Shares of Sage Therapeutics (SAGE -0.10%), a clinical-stage biotech, took flight today, after the company announced positive mid-stage trial results for its moderate-to-severe major depressive disorder (MDD) treatment, dubbed "SAGE-217."
According to the company, SAGE-217 produced a highly significant mean reduction in the Hamilton Rating Scale for Depression among patients taking the drug, compared with those receiving a placebo. The drug was also reportedly well tolerated, with only a handful of patients discontinuing its use because of adverse side effects. Sage's shares ended the day higher by a noteworthy 70% on nearly 10 times the average daily volume as a result of this clinical update.
Not that long ago, Sage's stock took an absolute beating after its lead clinical candidate, brexanolone, missed the mark in a late-stage study for super-refractory status epilepticus. Since then, the biotech's stock has come roaring back following brexanolone's successful late-stage readouts for postpartum depression, and now, SAGE-217's strong midstage results in MDD released today. Put simply, Sage appears primed to continue heading higher in the weeks and months ahead.

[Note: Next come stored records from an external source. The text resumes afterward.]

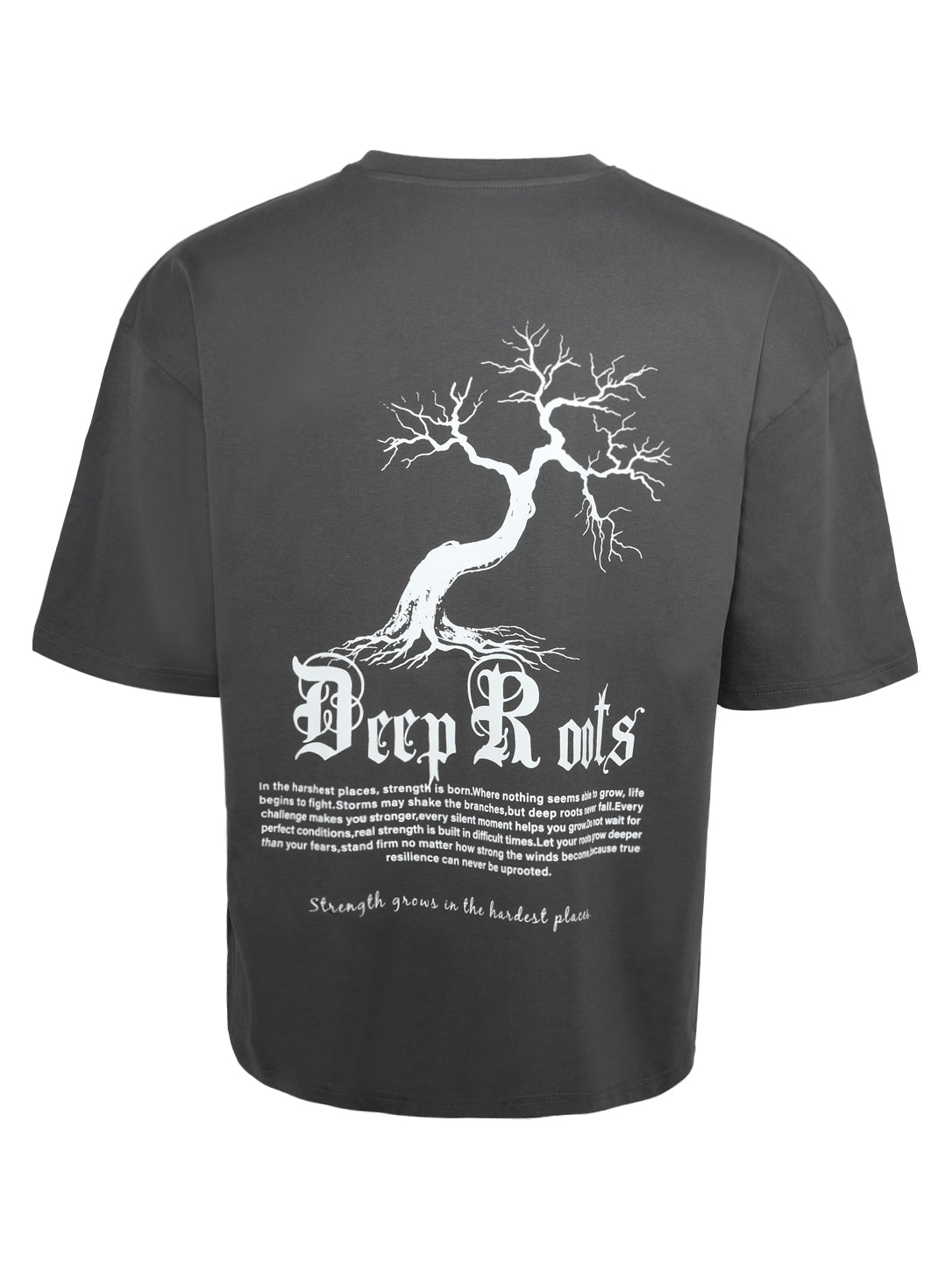 Men's Dark Grey "Deep Roots" Oversized Gothic Graphic T-Shirt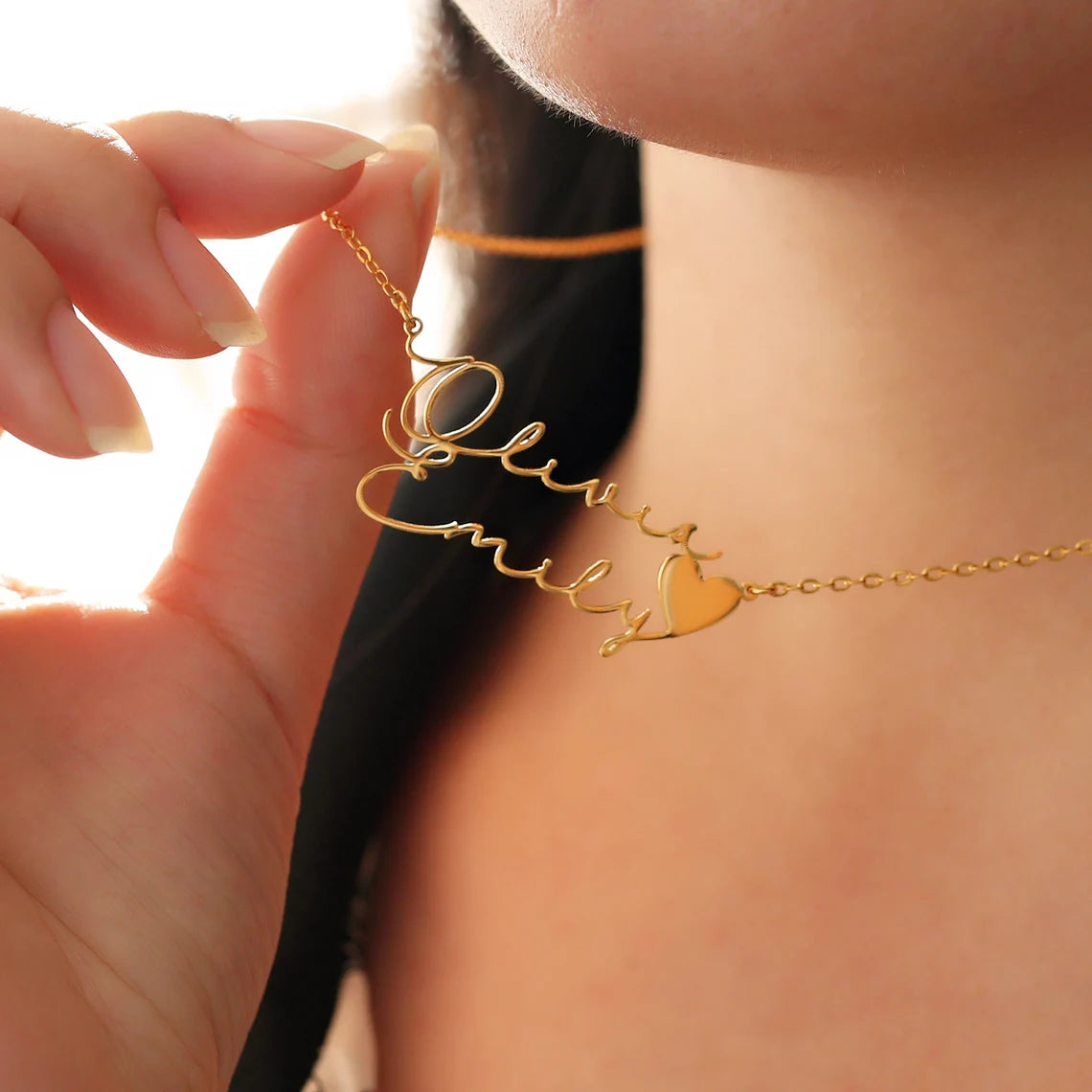 Couple name gold locket deals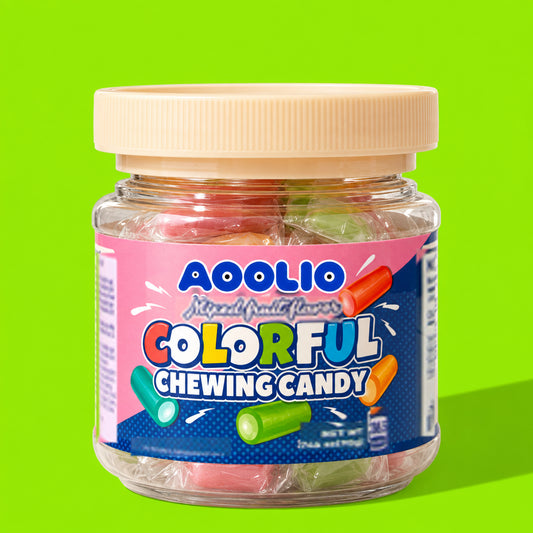 AOOLIO wrapped chewy candy in a clear jar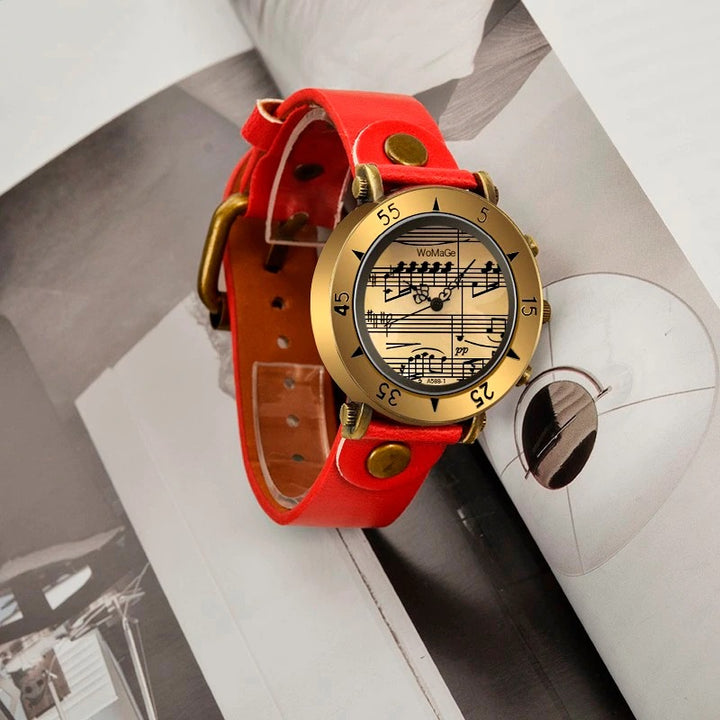 Classic Musical Note Dial with Unique Vegan Leather Strap Quartz Watches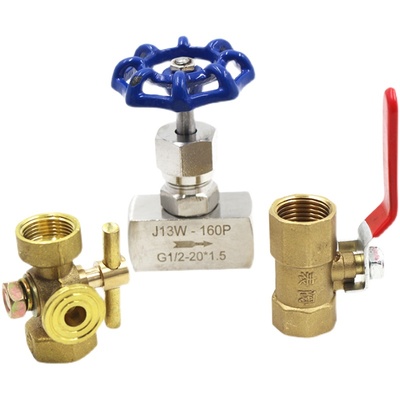 Y100压力表专用表阀不锈钢针型阀三通旋塞二通阀M20*1.5/DN15/4分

Sage plans on advancing SAGE-217 into a pivotal late-stage trial sometime next year. In the interim, investors can also look forward to the forthcoming regulatory filing for brexanolone's postpartum depression indication in early 2018. So this small-cap biotech already has multiple catalysts on the calendar heading into 2018.
While it's normally not a smart idea to chase an emerging biotech after a sizable move, Sage may be an exception to this rule. The company recently shored up its balance sheet with a massive $345 million public offering, and the company appears to have a viable shot at bringing multiple products to market within a few short years. As such, it might be a good idea to add this red-hot biotech stock to your portfolio soon.